A few words about DPF / FAP filters

The Diesel Particulate Filter (DPF) is considered to be one of the most troublesome elements of modern diesel cars. It is also very expensive. How is a DPF filter built? How should a car with a DPF filter be operated to avoid breakdowns? How to protect the DPF filter from clogging?

The first diesel particulate filters appeared in cars with diesel engines as early as the 1980s. They allowed to eliminate the typical black smoke from exhaust pipes. DPF was used then sporadically, among others in Mercedes with three-liter engines.

No modern diesel engine has ever been able to fully mix and completely burn fuel and air during operation. And they are – the residual fuel and air are the cause of soot, i.e. solid particles. Carbon black particles are composed of carbon, hydrocarbons, sulfates, sulfur and metal oxides, and water.

In 2006, the Euro 4 emission standard entered into force in the EU. It drastically reduced the possibility of particulate matter emissions by diesel cars – from 0.05 g / km (Euro 3) to 0.009 g / km. And then car manufacturers went back to their familiar solution – diesel particulate filters. The filter has become an indispensable element of diesel equipment.

Technical solutions for permanent filters went in two directions. Most auto companies have started using standard DPF filters. French car manufacturers (Renault, Peugeot, Citroen) have introduced FAP filters, the so-called Wet.

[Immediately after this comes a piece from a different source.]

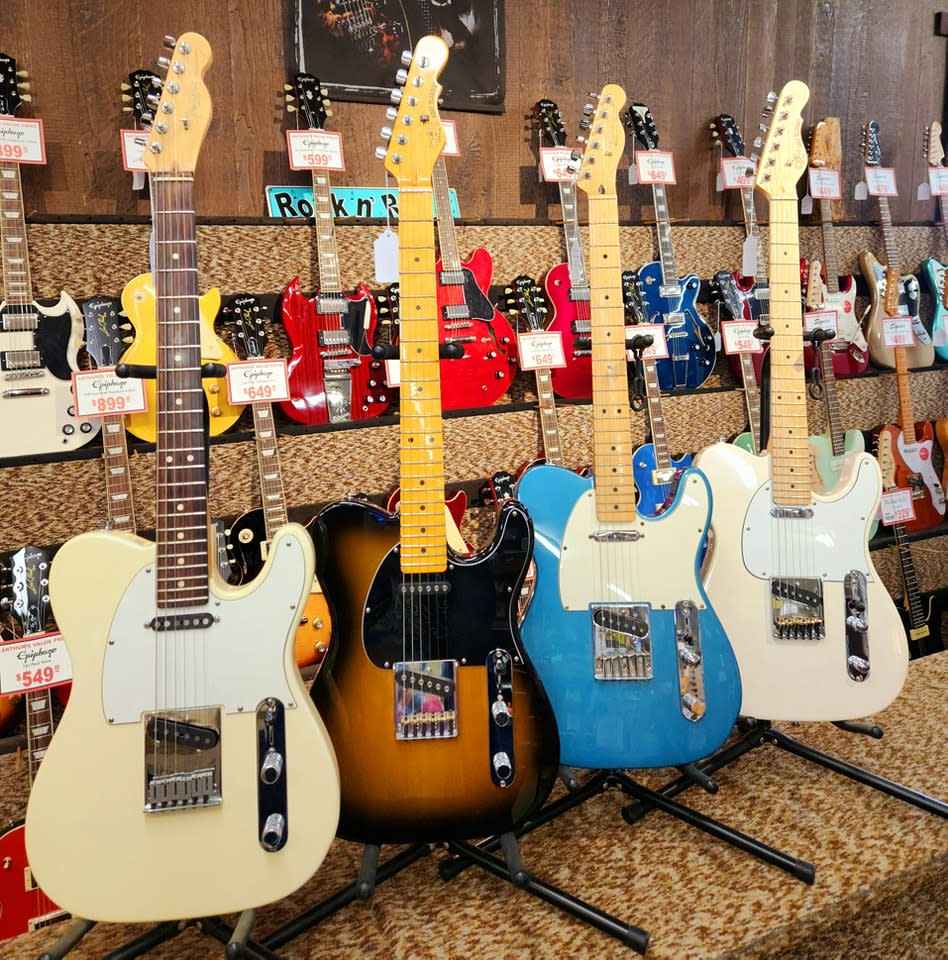 Arthur's Music Store Indianapolis, IN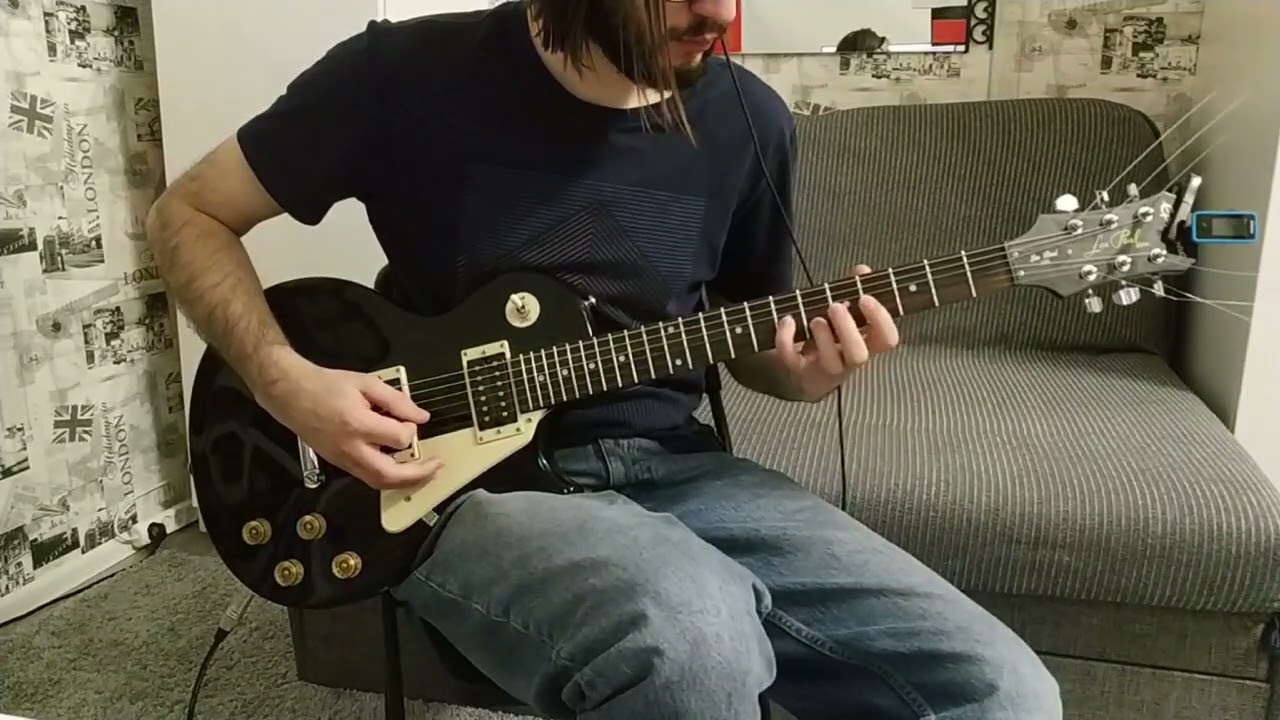 The Cure - Last Day Of Summer (intro cover)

DPF particulate filter – construction

The diesel particulate filter is part of the exhaust system. It is mounted after the catalytic converter. It also looks like a catalyst – it is placed in a round or flat metal can.

During many years of operation of a number of cars with diesel engines, it turned out that the closer the filter was to the engine, the slower it clogged. It is logical – the fumes that had a higher temperature went to it. The DPF particulate filter is controlled by the ECU. The computer collects information from pressure sensors (exhaust gas differential pressure sensors) mounted upstream and downstream of the DPF. There are also exhaust gas temperature sensors in front of and behind the filter. What’s inside a round or flattened metal case? Ceramic insert with a structure made of parallel channels. The structure is structurally very complicated. Each channel is blanked off – the inlet channels (on the engine side) are blanked off on the muffler side. In turn, the exhaust channels are clogged on the engine side. So how does the exhaust gas leave the diesel particulate filter? Between the channels there are walls (the so-called Wall Flow) with porous microchannels. Their size is selected so that they trap solid particles. What makes filters so expensive? Complicated construction and the fact that the inside of the channels is covered with platinum or other precious metal. Particulate filter – maintenance free? The particle filter was to be a maintenance-free element. The exhaust from the engine was supposed to go to the channels and the solid particles to be trapped on the walls between the channels. The solid particles were to be burnt during the typical operation of the car, when the temperature of the exhaust gases can range from 400 to 600 degrees C.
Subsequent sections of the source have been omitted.